Here is the section of the sketch that is drawn and painted with the LASSO tool. Nothing fussy, just enough to indicate where it will go and how it will look.

Alone with the background knocked out, it looks crazy, but sketches are supposed to look that way. They show the intention of what you imagine and then you have to make it work.

Knowing how my pals love to find embarrassing shots to mess with, I knocked out my head in this reference shot. I also took out the messy chords and bookshelf that is my studio. Here you can see how I look in the pose. By distorting this reference I get a final reference that is perfect. A huge time saver and it takes the mystery and the anxiety out of a marathon painting session.

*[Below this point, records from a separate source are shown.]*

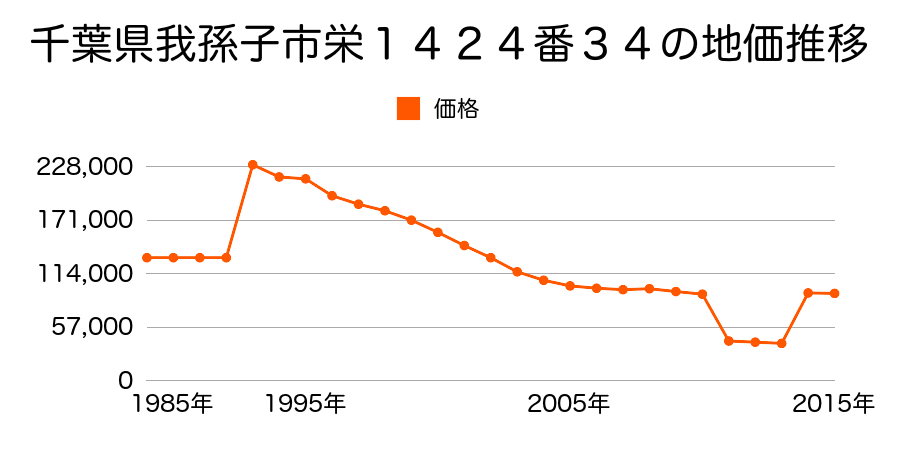 千葉県我孫子市船戸２丁目１０８８番７０の地価推移のグラフ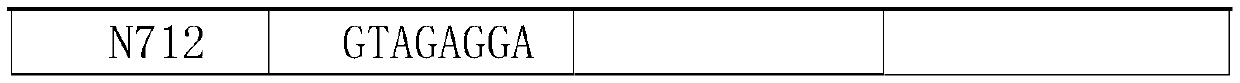 Illness state evaluating system and reagent kit for systemic lupus erythematosus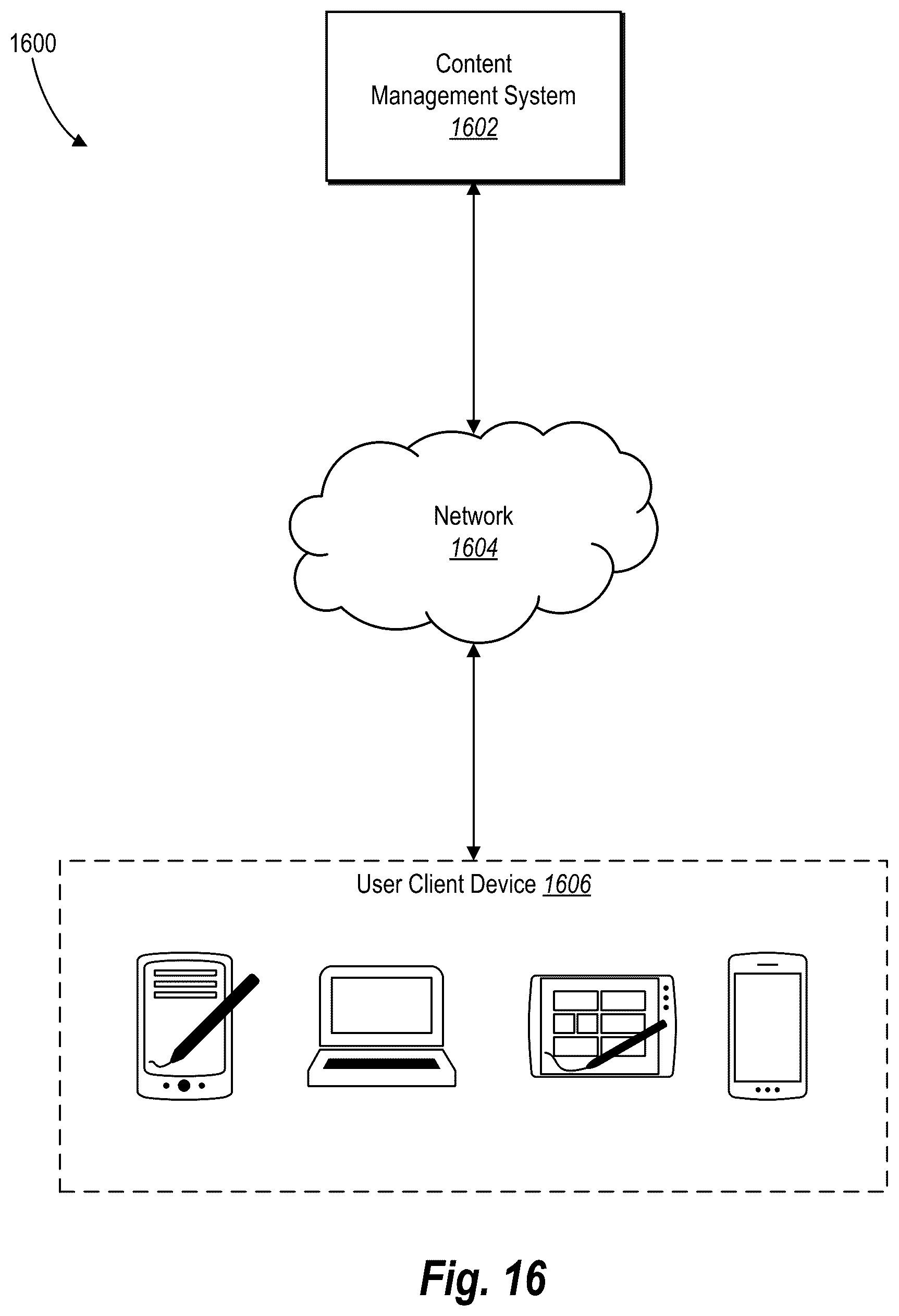 Patent US12332949 Figure 19 – Generating a hybrid search index for unified search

I still have to do the paintings though and as I wrote about it earlier, a master copy is sometimes a freeing exercise.  With this painting, having never been to the Sistine Chapel OR have I actually seen a great shot of this  section, I'm left to look at images on the web.  Man, there are so many different exposures and versions of the iconic painting out there.  Some appear to be shot before a recent fix up and look darker and more romantic in my view.  The fixed versions look a bit too bright and clean.  I mean, why not put the arms back on Venus de Milo?  Victor Juhasz saved me late in the game with a helpful scan that allowed me to kind of figure out the angels behind God.  I still fudged it a bit.  
I didn't try to outline the paintings as Michelangelo did.  The underdrawing appears to rise up to the surface in many places.  I wanted the likenesses to hit and left that part out.  What I struggled with was something I wondered about quite a bit; why all the tangents?  God and Adam's heads almost touch the items behind their heads;  Adam and the landscape and God and the fabric.  I have a particular annoyance with unintentional tangents that tend to freeze figures or object in paintings.  things skimming the edge of and object tend to visually attach themselves to the objects.  What nerve I have to suggest that Michelangelo made an mistake!  I would never suggest or imagine such a thing.  So, I then have to wonder if my hard line aversion to tangents needs an amendment.  I think so.  
In Michelangelo's Creation, God is 'IN" heaven and reaches out of the heavens to touch an earthbound Adam.  His head below the mountain line that curves over and down to his arm  Adam reaches up from earth to the heavens to meet god's touch.    So, tangents can work to further highlight the area of a work that is free.  With heads and curls all breaking the lines of background elements one wonders if the touch would look like such a focused and monumental event?

As I stated earlier in this blog, I love these master copy assignments because of what I learn in the process.  Learning never ends.
 
Doing this felt like recording over Imagine by John Lennon to add hand claps or tambourine.

I went with the tangent. If it's good enough for Michelangelo...

...it's good enough for me.

Here is a sketch that was not chosen.  Obama in the mirror.  Who does he see?  What does he hope to be?  IN the end it's not quick enough of a read and the expression on Reagan's face is EVERYTHING in this potential painting.
Of course this would have worked best as a digital cover.